О том, что именно линия Родзянко на "ответственное министерство" активно внедрялась в умы военнослужащих, хорошо видно из дневника полковника И.А. Артабалевского, из лейб-гвардии Стрелкового полка. Описывая февральские события 1917 года, Артабалевский приводит слова нижних чинов своего полка: "Подпрапорщик Дирегин: "У генерала Хабалова войск нет, господа все за Думу. Если уж господа с Думой, то нам тоже надо идти с нею. Наше дело простое мужику господ слушаться. Им виднее".
Унтерофицер Шикун: "Я и раньше в мирное время честно служил Престолу и Отечеству в нашем батальоне. На войне тоже, благодаря Господу Богу, не подгадил. Теперь желаю также послужить Государю и Отечеству. Истинно говорю вам, что сослужить эту службу мне способно только под началом Родзянко. Он со своими за Веру, Царя и Отечество. А правительство - сами знаете какое, изменническое. Царя обманывает, Родину предает. Нету у меня никакой веры на него. Когда бы не великий князь Николай Николаевич, так России давно бы уже конец подошел. Никак невозможно простить членам правительства, что они доверие Царское так обманули""{505}.
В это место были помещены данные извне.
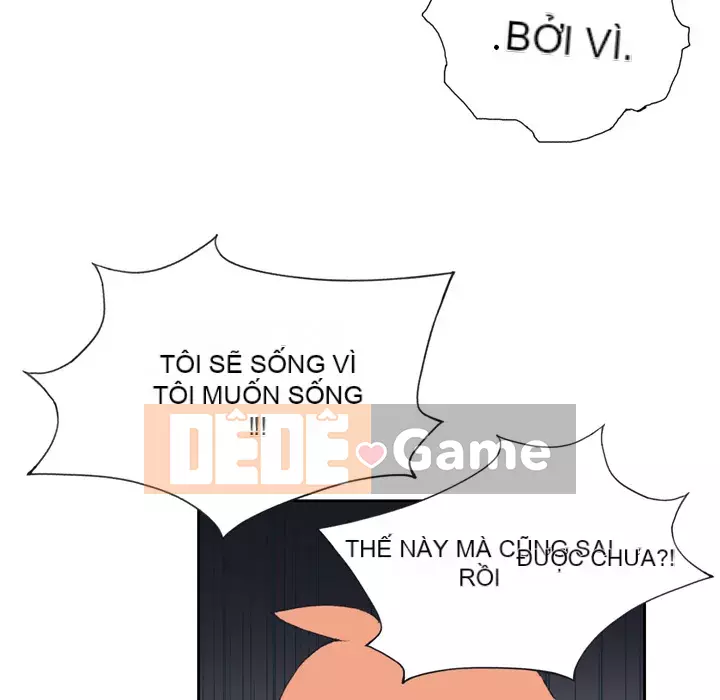 15 Cô Gái Crusoe Chương 1-48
Совершенно ясно, что унтер-офицер Шикун до всего, им сказанного, сам по себе не додумался. Он лишь повторяет чьи-то слова, ловко ему вложенные голову, в истинность которых, впрочем, он поверил. Как мы видим, солдаты данного полка выступали не против Царя, а за него, но против старого правительства и за смену этого правительства правительством Родзянко и Думы. Артабалевский продолжает дальше свои записи: "Стрелки и все прочие воинские чины постановили и утвердили лозунг, с которым они выступили против старого правительства: "Царь, новое правительство, война до победы". С этим пошли в Государственную думу. С трудом пробрались в Екатерининский зал. Все битком набито самой разношерстной публикой. К нам сейчас же вышел Родзянко и сказал короткую речь с призывом к порядку, на которую ответили: "Ура!" и здравицей "первому гражданину России". Узнав от меня лозунг, с каким мы пришли, он заметно просветлел лицом. Я пробрался в комнату рядом с той, в которой заседал Исполнительный комитет Государственной Думы. Тут ко мне подошел один из членов Думы, высокий с черной бородой, изысканно одетый. Кто это был, мне узнать не удалось. Он мне сказал, что Император Николай II, вероятно, будет принужден передать престол своему сыну - Цесаревичу Алексею, а за его малолетством опекуншей будет Императрица Александра Федоровна, а регентом великий князь Михаил Александрович. В этот момент в разговор вмешался Милюков. Не думал, что он произведет на меня такое отталкивающее впечатление - хитрой, двуличной лисы. Бегающие за стеклами pince-nez глаза не внушали мне никакого доверия. Хитро поглядывая то на меня, то по сторонам, он интересовался узнать у меня об отношении стрелков к великому князю Михаилу Александровичу. Я ему ответил, что не понимаю его вопроса. Ежели Государь найдет нужным передать престол другому, то наш долг служить новому Государю. На это Милюков ничего не ответил и, неприятнохитро улыбнувшись, отошел от меня"{506}.